Samuel Stumpf and the Intellectual Foundations of Liberal Democracy in the 1950s

Sunday, January 8, 2017: 11:20 AM
Mile High Ballroom 1B (Colorado Convention Center)
Ethan Schrum, Azusa Pacific University
Philosopher Samuel Stumpf (1918-1998) is known primarily for his late career work, especially the bestselling philosophy textbook Socrates to Sartre. Yet his early career provides new insight into the waning years of the Protestant cultural establishment in the post-World War II United States, particularly how its thinkers sought religious renewal in public life and the university as a way to fortify liberal democracy in an era of fears about totalitarianism.

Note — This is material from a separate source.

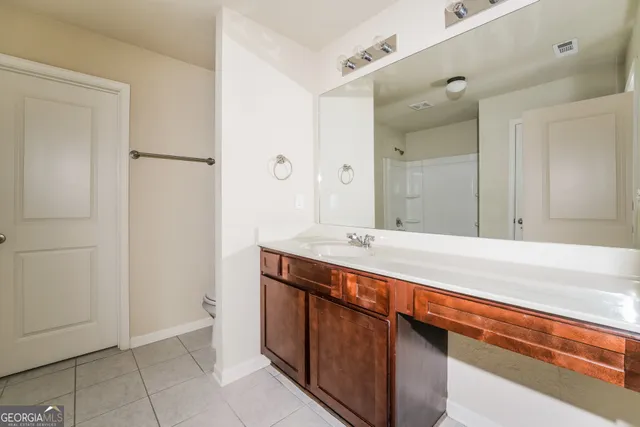a spacious bathroom with a sink and a mirror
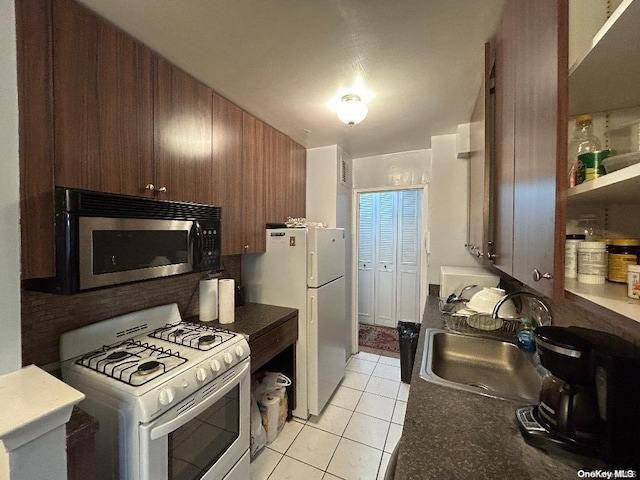 kitchen featuring sink, light tile patterned floors, and white appliances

            Stumpf, an ethicist, spent the mid-1940s to the mid-1960s writing on the relationship of law, morality, and religion in a democratic society. This work ranged from descriptive studies of the U.S. Supreme Court, the Soviet legal system, and historical jurisprudential figures to constructive arguments about the inseparability of law and morality.   

            Stumpf’s work stood at the intersection of two intellectual movements among mainline Protestants. The first, centered at the University of Chicago Divinity School, argued for the essential role of left-wing Calvinism in creating modern liberal democracy. This tradition had patterned civil society after a non-hierarchical church conceived as a voluntary society of equals under law.

            The second movement centered on the relationship between Christianity and law. In this work, Stumpf argued that a theological approach to law could provide a corrective to legal positivism, especially through an “ethics of creative love.” He even invoked Augustine, natural law, and love against segregation six years before King’s Letter from a Birmingham Jail.

            While participating in these movements, Stumpf chaired Vanderbilt University’s Department of Philosophy, work that included creating a Ph.D. program. Chancellor Harvie Branscomb promoted the department as integral to one of his three major goals for Vanderbilt—transmitting cultural heritage and spiritual values. The paper probes this project and its awkward relation to Branscomb’s other goals, promoting economic development and internationalizing the university, which were more typical in postwar higher education.